We can cooperate, we can integrate. As much as we can. How can we do that? I think leaders in the world have a great responsibility in this. Human beings can live together.

I remember a movie. Which one? Planet of the Apes. The old version, not the new one. There is new one. Which is different. Not so good. It’s not expressing the reality as it was the first one. But at the end, I still remember, this is the conclusion: When the big monkey, he was head of the supreme court I think — in the movie! — and there was a big scientist working for him, cleaning things, has been chained there. And it was the planet of the apes after the destructive act of a big war, and atomic bombs and whatever in the movie. And the scientists was asking him to do something, this was 30 years ago: “Don’t forget you are a monkey.” He tells him, “don’t ask me about this dirty work,.” What did the big ape, the monkey say? He said, “you’re human, you did it [to] yourself. “That’s the conclusion. Can we do something better for ourselves?

I saw it 30 years ago. That is the role of the art. This is the very important role of art. Gone with the Wind has been treating social problems. Five in Hell. That was the Arabic title. Five Americans working behind German lines and they were using primitive military devices. I think it was Charles Bronson or something like that. My hard disk still carries a few things!

Wise words from an insane man. We’re in good hands here, I think. I wonder if Planet of the Apes’s lesson about not wrecking one’s civilization over political disputes came up when he was talking to Hamas or if that’s something he reserves for western magazine puff pieces about Egypt’s modern, Americanized Islamist leader. Looking forward to reading about his use of “Twilight” as a metaphor for Israeli/Palestinian relations in Newsweek.

Meanwhile, the power grab goes on:

A divisive panel boycotted by liberals and Christians was set to rush out a draft new Egyptian constitution as protests mounted over the political future nearly two years after Hosni Mubarak’s overthrow.

President Mohamed Morsi had just last week given the constituent assembly an additional two months until February to complete its work.

But as protests mounted over his decision to grant himself sweeping powers until the text is ratified in a referendum, the panel wrapped up its deliberations on Wednesday and readied for a vote on Thursday.
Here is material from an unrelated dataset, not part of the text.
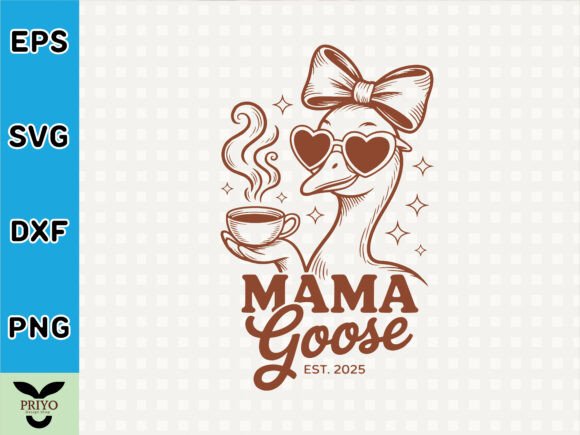 Floral Mama Goose SVG: Graphics for T-Shirt Designs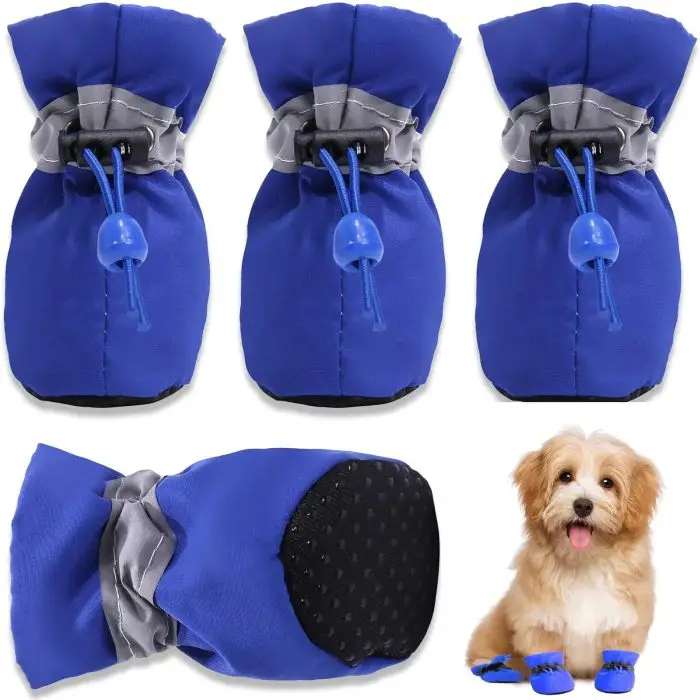 Five images of blue dog boots are shown. The bottom right image features a dog wearing the booties, labeled with the product name 11724-db08a5.jpg.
I assume Morsi was caught by surprise by the ferocity of the backlash to his “temporary” decree and now feels pressured to ram through the new Islamist constitution before the opposition gains more traction. Even if they pass it — and at the moment, it’s uncertain precisely what’s in it — it still has to be put to a popular referendum. But that’ll be messy too:

“Even if it’s approved tomorrow, there has to be a referendum on it. Victory is not guaranteed and a referendum will take at least a couple of weeks to organize. The supervisory commission to run it would be difficult to form, because it has to include senior judges who would likely boycott it, and judges are supposed to also be present at polling stations. All this points to a royal mess, a constitution that has no legitimacy among a big part of the public, and gives the opportunity to the Salafis — whose votes the Brothers now need to approve the latest draft — to introduce modifications to the text.”

So the final draft may be even more fundamentalist than it is now. That’s one mystery to watch; the other is how the Brotherhood will deal with the referendum. Will they cancel it outright on “security” grounds or let it happen and resort to old-fashioned Mubarak-era vote-rigging if the outcome isn’t what they’re hoping for? Remember the scene in Planet of the Apes where Charlton Heston seizes legislative power for himself and then commits electoral fraud to establish perpetual rule by fanatics?

I recommend following the link up top and reading all of the Time interview, if only for the flowery language he uses about democracy, justice, and freedom of expression. It makes a nifty companion piece to the news today that the filmmakers behind the Mohammed movie were sentenced to death in Egypt in absentia for blasphemy.